Все это можно было бы сказать. Но безрезультатно.

Потому что главное содержание мифа о «скрепах» и «прошлом» – это бегство от перемен. Тех самых, что на протяжении последнего века лишь набирают обороты.

На протяжении столетия реальность быта оставалась незыблемой. Орудия труда, ежедневный уклад, представления о мире и норме были одинаковы на протяжении огромного периода истории. А затем все изменилось. Быт наших бабушек разительно отличается от нашего. Мир меняется так быстро, что люди перестают успевать адаптироваться.

«Скрепоносец» дарит своей аудитории индульгенцию. Он позволяет им нормировать самих себя. Свою неготовность узнавать новое. Свое нежелание менять представления о мире. Интеллект – это способность адаптироваться к переменам. А «скрепоносец» оправдывает глупость и косность.

Он продает аудитории миф. О том, что они – наследники и носители правды. О том, что в их негораздах виноваты перемены, а не их собственная неготовность меняться. Он торгует простотой – той самой, что хуже воровства. Он дарит пастве ощущения безгрешности и обиды – самые сильные ментальные наркотики из существующих.

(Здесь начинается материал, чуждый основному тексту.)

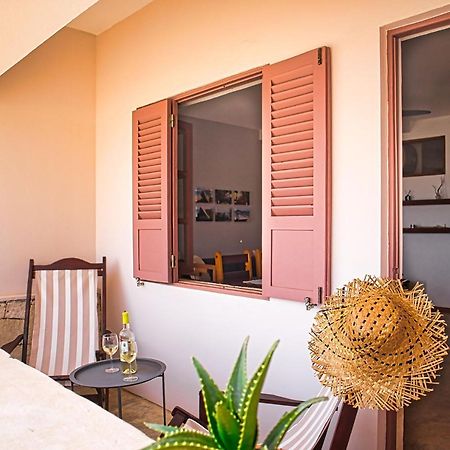 Villa Pescadora Spectacular View, Luxery Fisherhouse Design Сал Рей Екстериор снимка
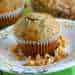 Vegan Banana Muffins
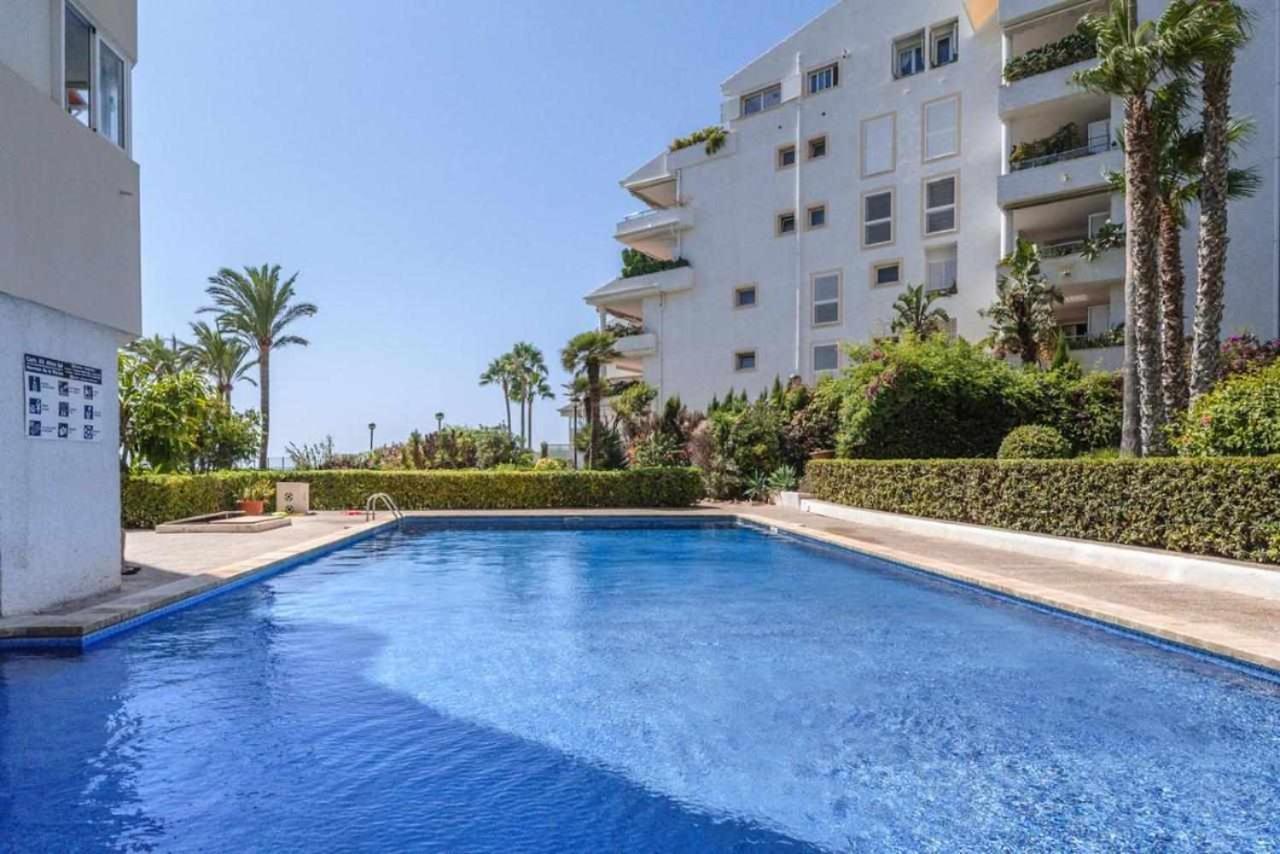 Apartamento El Sol By Altea Holiday Homes Kültér fotó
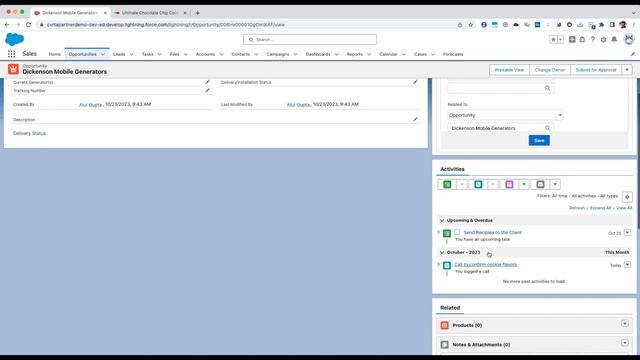 CV Rich Text Area on Activities(CV RTA) User Guide смотреть онлайн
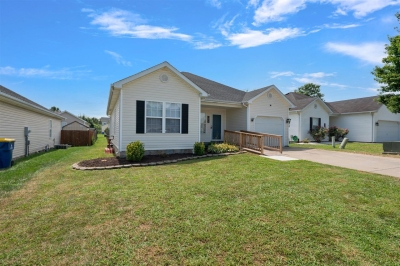 1013 Overboard Court, Bowling Green, KY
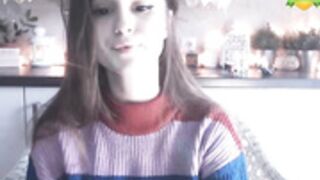 Ashleyraye moaning orgams ohmibod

В прошлом нет рецептов. Чтобы их там найти – нужно вновь построить вокруг себя средневековье. Любые попытки сбежать во «вчера» изначально обречены. Можно сколько угодно бить ткацкие станки – но промышленную революцию это все равно не отменит. Можно отказывать своему ребенку в вакцинации – но это лишь обречет его в случае новой эпидемии.

Но беда в том, что миф нельзя победить фактами. Он всегда самодостаточен – капсулирует своего носителя в прочную броню из предрассудков и самооправдания. Отказ от мифа равноценен выходу из зоны комфорта. Потому что потребует от своего носителя деятельных усилий. Лишит монополии на истину.

Особенность в том, что нашему миру нет никакого дела до наших иллюзий. Он просто идет вперед со скоростью шестьдесят минут в час. И проблемы отстающих становятся лишь их собственным приговором.

Каждый выбирает по себе. И несет за это ответственность.